• _WHAT YOU HAVE TO DO_: From the line with "set of posters" to the final line of the data below, please write out every line exactly, with no pictures.

[RECORDS FOR THE TASK Boundary: Start]

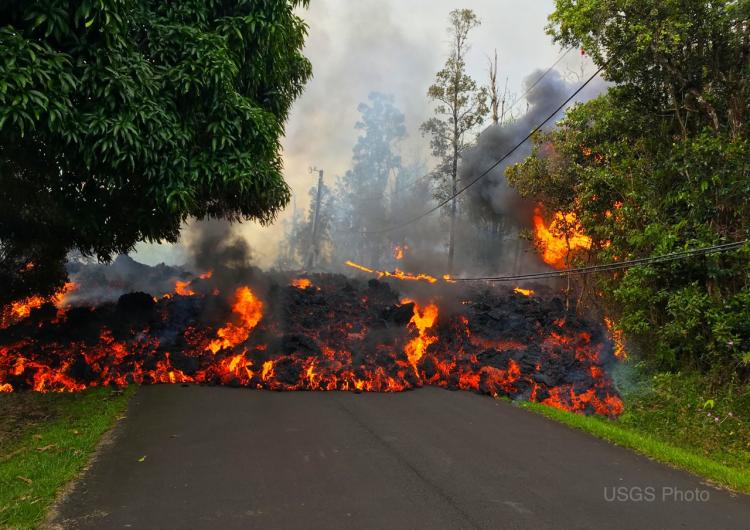 Lava advancing from the Kilauea volcano in Hawaii. Photo: US Geological Survey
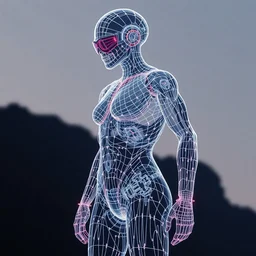 retrofuturistic human wireframe body, biometric, quint buchholz, wlop, dan mumford, artgerm, liam brazier, peter mohrbacher, raw, featured on artstation, octane render, cinematic, rugged, intricate, 8 k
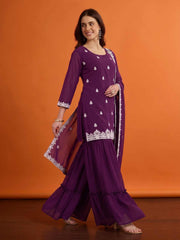 Women Ethnic Motifs Embroidered Regular Thread Work Kurta with Sharara & With Dupatta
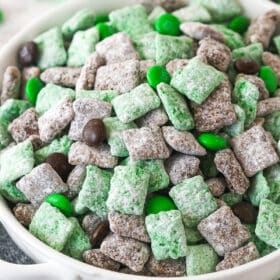 baileys puppy chow in white bowl on grey napkin
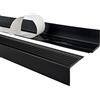 Quest Profilo per bordi scale - Profilo angolare in PVC autoadesivo, Paraspigolo - Strisce antiscivolo per gradini - PMW 48x42mm, nero, 150cm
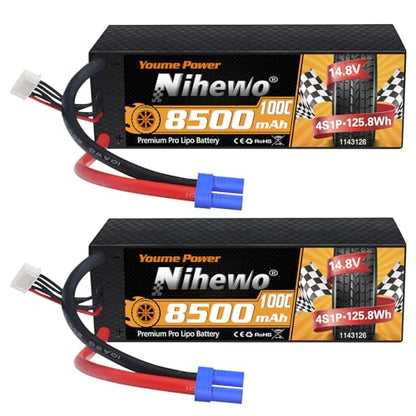 4S Lipo Battery 8500mAh 14.8V 100C Hardcase EC5 2pcs for RC Car Boat | 4S Lipo 8500mAh for 1/5 1/61/7 RC cars, trucks, buggies, boats. Hard case protection, EC5 Plug, 2-pack for extended run time. - style: 2x 14.8V 8500mAh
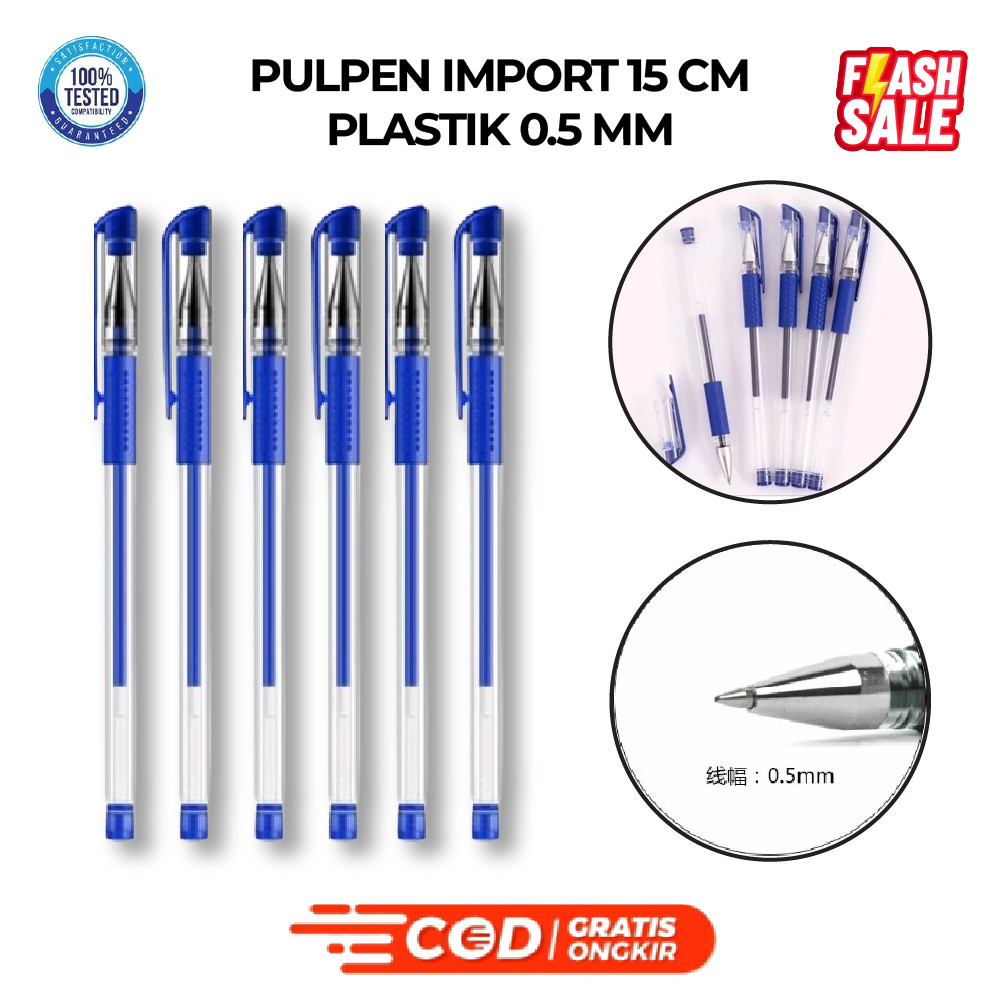 

Pulpen import 0.5 mm plastik 15 cm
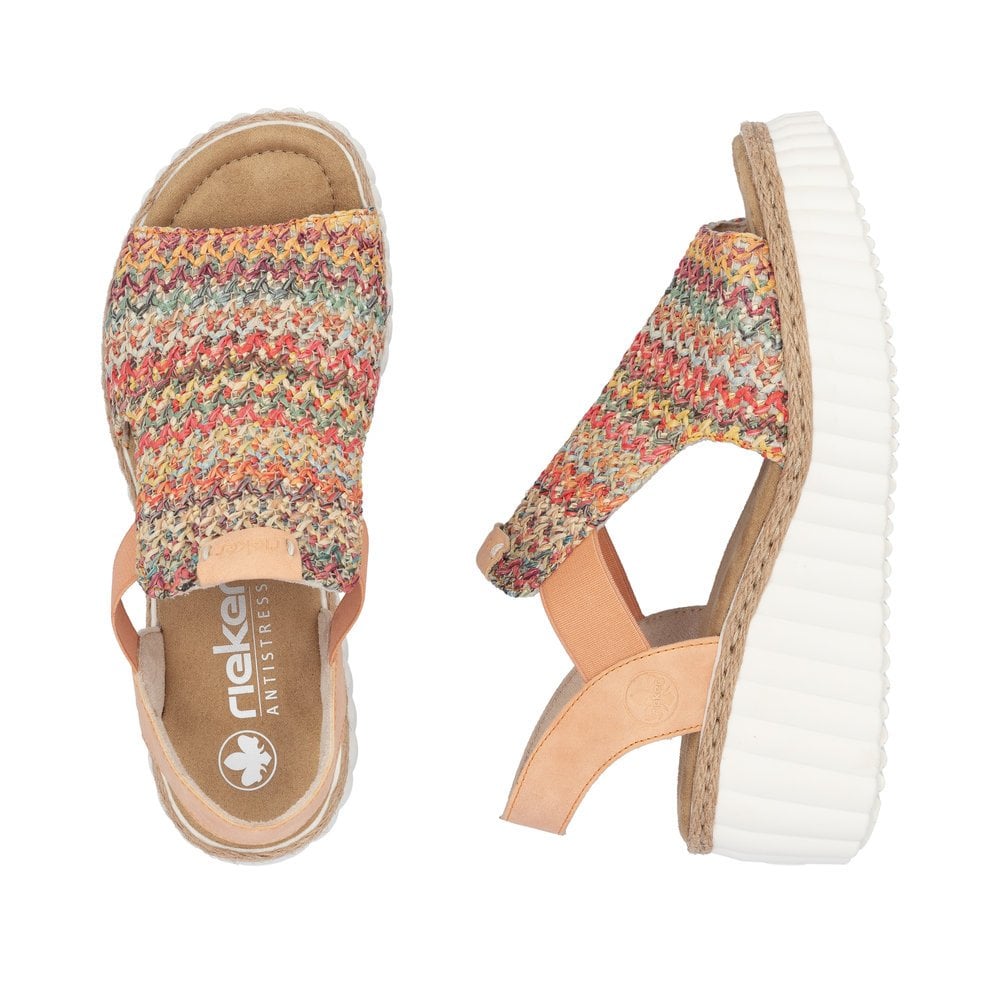 Rieker 69172-92 Elasticated Wedge Sandal Apricot Multi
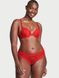 Подарунковий набір Victoria's Secret Піжама з шортиками Satin Heart Short Pajama Set + Мережевні Трусики Lace Cheeky Panty Red &mdash; фото , вигляд з різних ракурсів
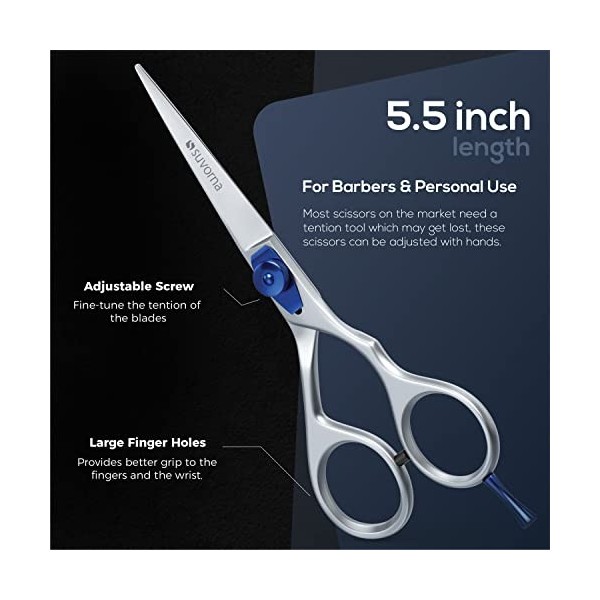 Suvorna Professional Hair Scissors 5.5" Precision Razor Edge Japanese Stainless Steel Barber Scissors Hair Styling, Trimming 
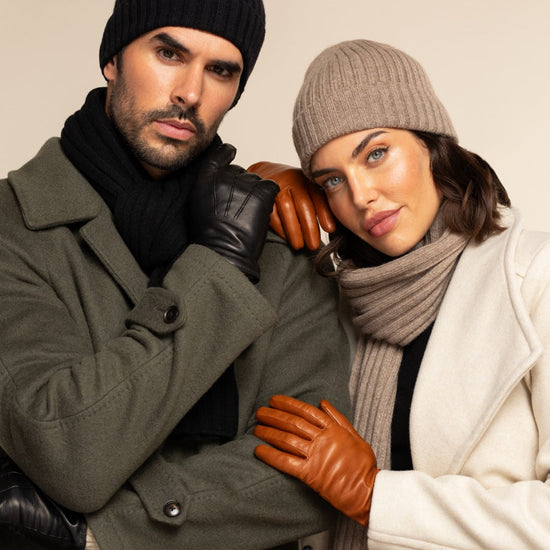 Napoli (black) - 100% cashmere ribbed scarf (unisex)  - Fratelli Orsini - Luxury Cashmere Scarf - Handmade in Italy - 12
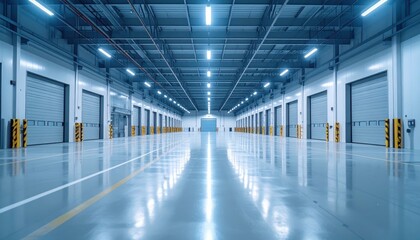 Fototapeta premium Vast Refrigerated Warehouse with Loading Docks in Cool Ambient Light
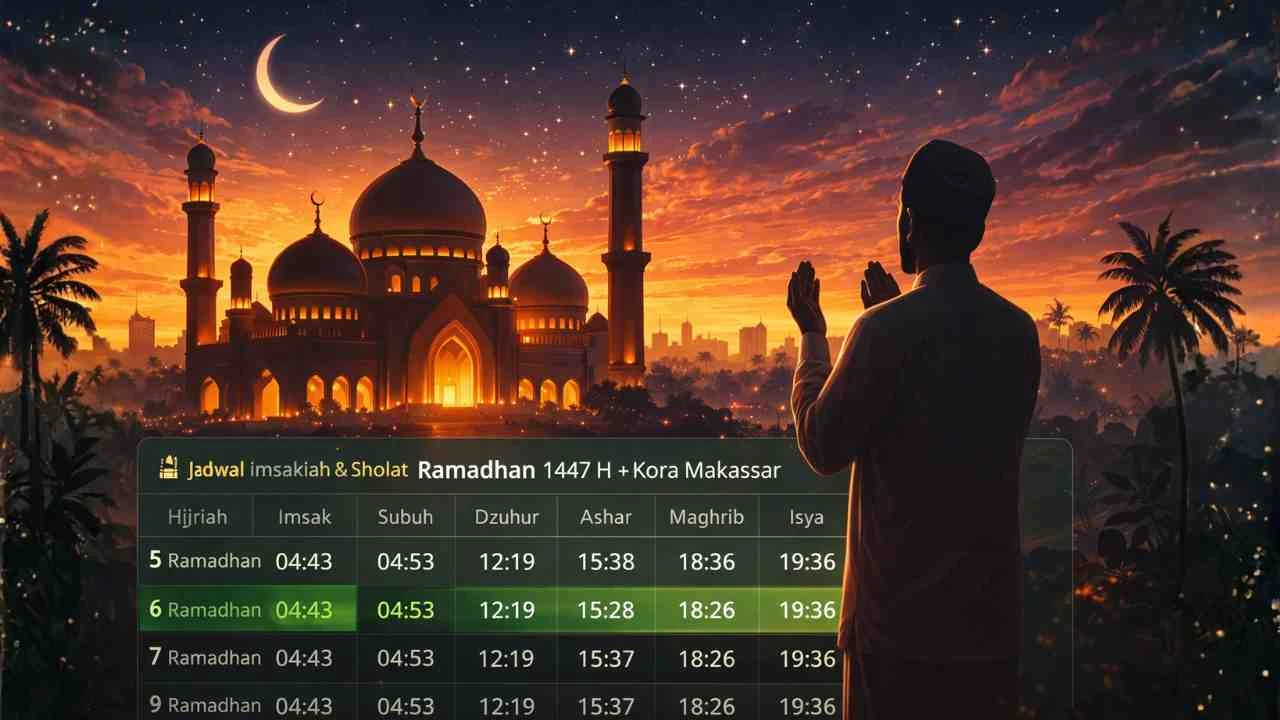 Jadwal Imsakiyah dan Sholat Makassar Hari Ini dan Selama Ramadhan 1447 H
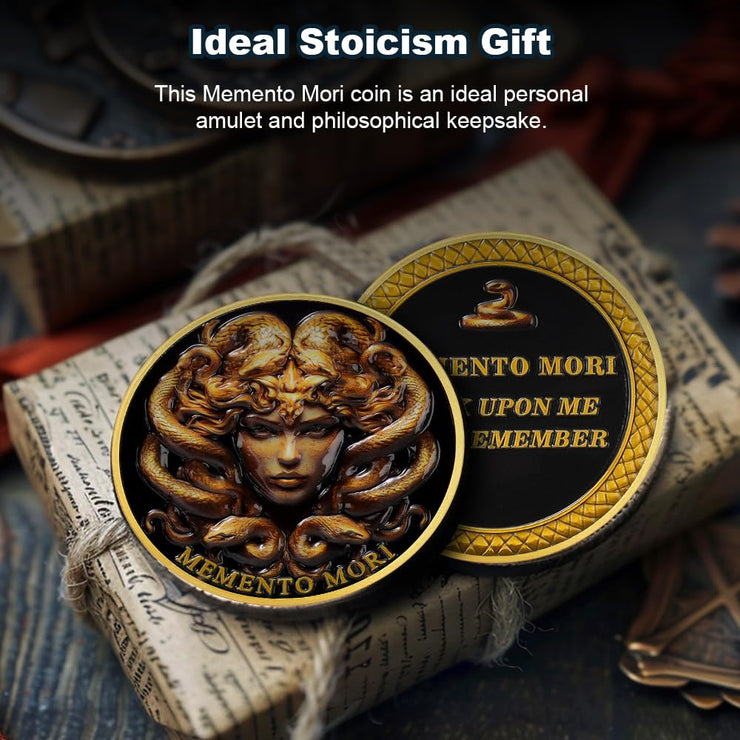 Medusa  Look Upon Me and Remember Memento Mori Skull Challenge Coin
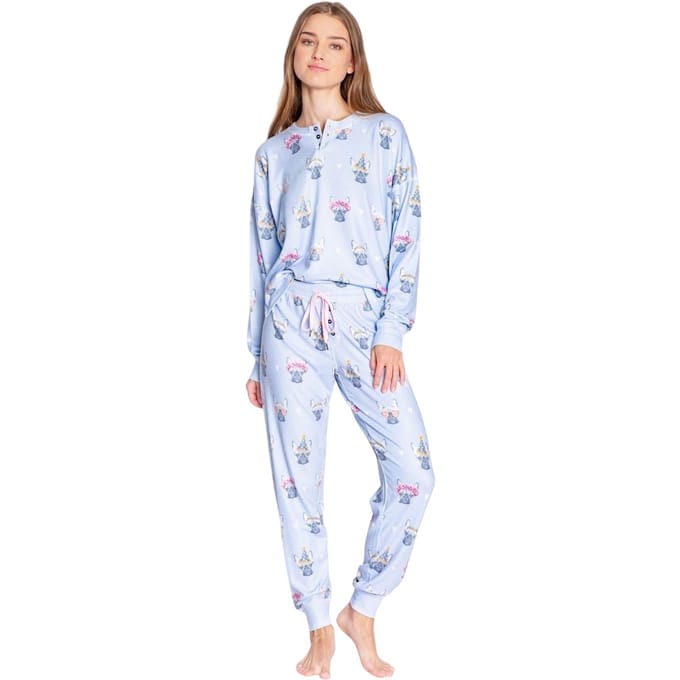 PJ Salvage Dames/Dames Franse Bulldog Pyjama Set (Lichtblauw)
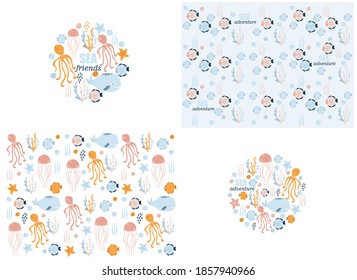 set of posters of the sea world, vector illustration of fish, whale, jellyfish, squid, stars, seashells, corals
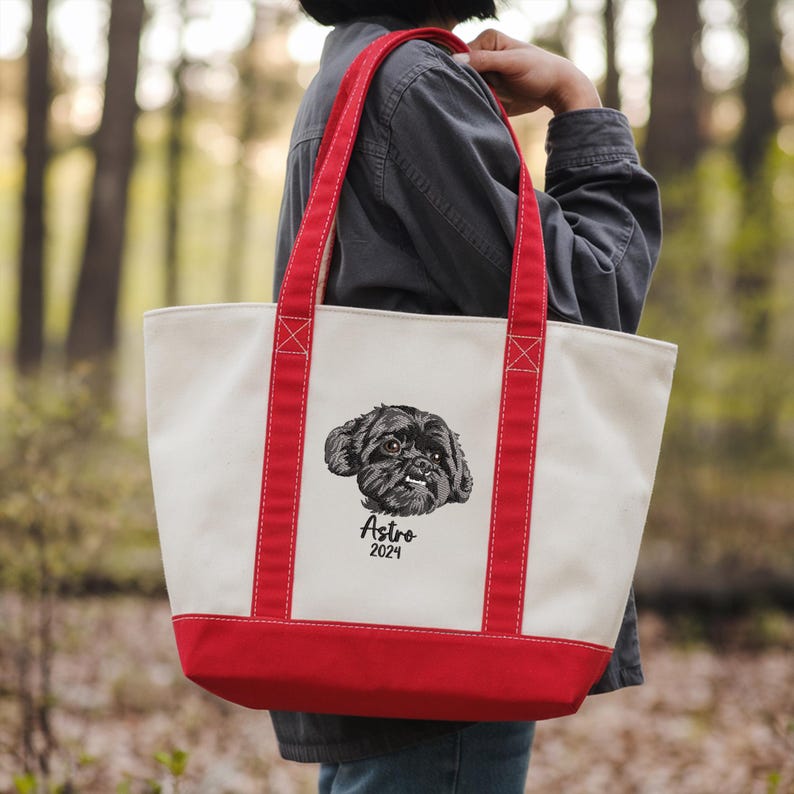 Sac fourre-tout en velours côtelé brodé personnalisé pour animaux de compagnie – Cadeau unique pour les amoureux des chiens ou des chats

[RECORDS FOR THE TASK Boundary: End]

• _EXPECTED ANSWER_:
 set of posters of the sea world, vector illustration of fish, whale, jellyfish, squid, stars, seashells, corals
 Sac fourre-tout en velours côtelé brodé personnalisé pour animaux de compagnie – Cadeau unique pour les amoureux des chiens ou des chats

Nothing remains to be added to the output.